## How to complete this task
Each line in the data holding "Shoes" should be listed.

== Records for this exercise

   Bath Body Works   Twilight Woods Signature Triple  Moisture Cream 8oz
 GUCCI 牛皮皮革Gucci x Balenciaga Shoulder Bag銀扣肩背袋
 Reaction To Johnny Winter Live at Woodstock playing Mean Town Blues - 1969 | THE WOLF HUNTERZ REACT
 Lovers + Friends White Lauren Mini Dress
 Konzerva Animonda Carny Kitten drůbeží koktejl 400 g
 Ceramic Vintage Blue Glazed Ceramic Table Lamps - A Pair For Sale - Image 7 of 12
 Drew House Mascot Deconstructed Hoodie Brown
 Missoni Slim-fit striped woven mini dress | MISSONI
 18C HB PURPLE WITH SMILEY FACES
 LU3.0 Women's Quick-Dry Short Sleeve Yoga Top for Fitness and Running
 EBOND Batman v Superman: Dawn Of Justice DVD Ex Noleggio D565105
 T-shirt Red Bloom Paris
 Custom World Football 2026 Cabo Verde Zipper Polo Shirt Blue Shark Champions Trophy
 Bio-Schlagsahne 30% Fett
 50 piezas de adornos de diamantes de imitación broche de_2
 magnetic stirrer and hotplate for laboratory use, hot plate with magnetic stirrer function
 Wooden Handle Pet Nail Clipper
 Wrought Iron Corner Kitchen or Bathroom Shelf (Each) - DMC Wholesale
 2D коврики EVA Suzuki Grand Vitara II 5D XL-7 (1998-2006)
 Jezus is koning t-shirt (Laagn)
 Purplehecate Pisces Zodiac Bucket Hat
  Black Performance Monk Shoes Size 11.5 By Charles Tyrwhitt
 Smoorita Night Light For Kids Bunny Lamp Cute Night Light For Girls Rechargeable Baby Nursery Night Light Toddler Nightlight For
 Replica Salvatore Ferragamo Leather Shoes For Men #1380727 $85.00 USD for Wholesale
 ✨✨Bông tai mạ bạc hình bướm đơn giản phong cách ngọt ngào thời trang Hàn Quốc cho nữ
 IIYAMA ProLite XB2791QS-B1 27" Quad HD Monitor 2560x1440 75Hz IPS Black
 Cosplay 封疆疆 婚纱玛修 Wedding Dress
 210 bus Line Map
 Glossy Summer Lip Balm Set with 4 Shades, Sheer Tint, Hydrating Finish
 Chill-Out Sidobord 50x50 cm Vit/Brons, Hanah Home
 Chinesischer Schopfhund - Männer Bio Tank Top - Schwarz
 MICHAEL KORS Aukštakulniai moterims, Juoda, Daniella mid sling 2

====

## Response area
  Black Performance Monk Shoes Size 11.5 By Charles Tyrwhitt
 Replica Salvatore Ferragamo Leather Shoes For Men #1380727 $85.00 USD for Wholesale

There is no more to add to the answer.